“Hillbilly Elegy” prompts Common Experience conversation on Appalachia’s past, present, future

15th October 2017
Mountains of Appalachia.

The Appalachian region: complex history overshadows a challenging future.

By Steven Krolak

(NEW ALBANY, Ind.)—In 2015 venture capitalist and Ohio native J.D. Vance published “Hillbilly Elegy: A Memoir of a Family and Culture in Crisis,” recalling the hardscrabble milieu of his youth and the values and attitudes that shaped and, in many ways continue to shape society in Appalachia.

The book became an instant bestseller, and for those not directly acquainted with the region, it also seemed to provide a key to understanding the groundswell of alienation and grievance that fueled political insurgents in the 2016 election cycle.

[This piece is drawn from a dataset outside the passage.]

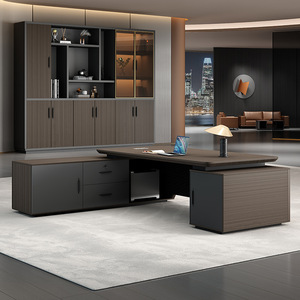 Conjunto de Escritorio Ejecutivo Moderno con Silla, Mesa de Oficina en Forma de L con Iluminación LED y Gabinete - Product Image 2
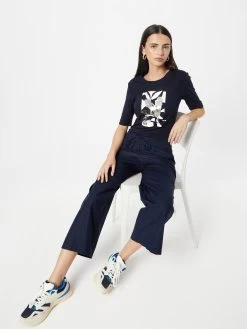 S.Oliver Pantacourts Larges Wide Leg Pantalon à Plis Femme Bleu Marine -S.Oliver Boutique 22d035455f158a64cc133d8b171b0768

“Hillbilly Elegy” is The Common Experience’s book for 2017-18, providing context and themes for a series of events including art exhibitions, public lectures and community conversations.

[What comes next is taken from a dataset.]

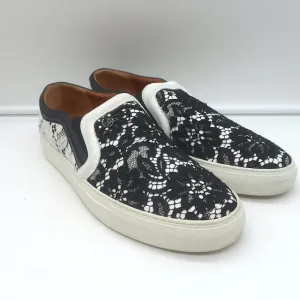 Givenchy Two-Tone Spitzen-Slip-On-Skateschuhe Schwarz & Weiß Größe 41
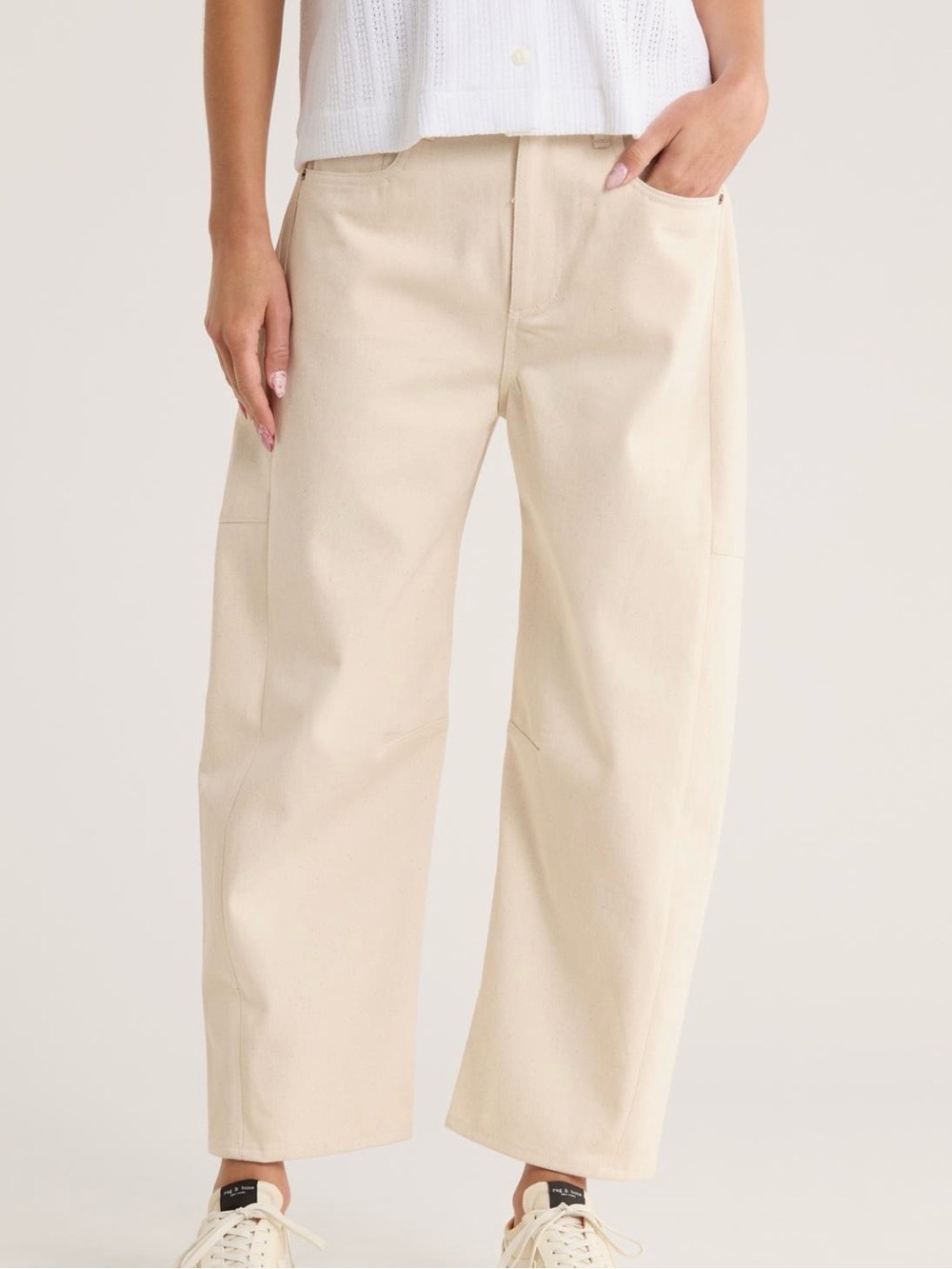 Rag & Bone Xander Barrel Leg Jeans in Ecru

Vance’s book touches many among IU Southeast faculty and staff with Appalachian roots. Several will gather on Tuesday, Oct. 17 to discuss and respond to the book and the issues it raises. As with all Common Experience events, the community is welcome, and those with Appalachian ties are especially encouraged to attend and contribute to the conversation.

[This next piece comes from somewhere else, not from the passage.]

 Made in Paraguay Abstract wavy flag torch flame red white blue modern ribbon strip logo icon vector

The panel includes Kyle Forinash III, professor of chemistry; Randy Hunt, professor of biology; Jay McTyier, registrar; Greg Roberts, advisor in the School of Fine Arts; and Cliff Staten, professor of political science.

Despite the diversity of their fields and the divergence in their personal biographies, all share an Appalachian heritage and a familiarity with the place and its culture.

Hunt remembers weekly trips to his grandparents’ home in the West Virginia, playing with cousins and walking up the hill to the original family homestead.

McTyier recalls fierce family loyalties, volatile emotions, and enduring ties to places and ways.

Staten’s great grandparents worked in the coal mines of West Virginia and Eastern Kentucky, and his grandfathers worked on the Ohio River, loading coal onto barges, and in the steel mills of Huntington, W.Va. His father also worked on the railroad. Like Vance, Staten left Appalachia to pursue career opportunities beyond the region’s limited focus on coal.

“Hillbilly Elegy” paints a picture of the region and the people that is both affectionate and critical. Vance, who escaped poverty and a dysfunctional family through military service, education and the guidance of his grandmother, respects traits such as the honor code, the hostility to elitism and the passionate defense of freedom but criticizes habits such as the propensity to violence, the insularity and what he perceives as learned helplessness through acceptance of a fatalistic narrative about advancement in life.

For Staten, there is much that resonates. But he believes that some of Vance’s criticisms have led many readers to see the entire region as a backward culture that lacks personal responsibility and self-discipline.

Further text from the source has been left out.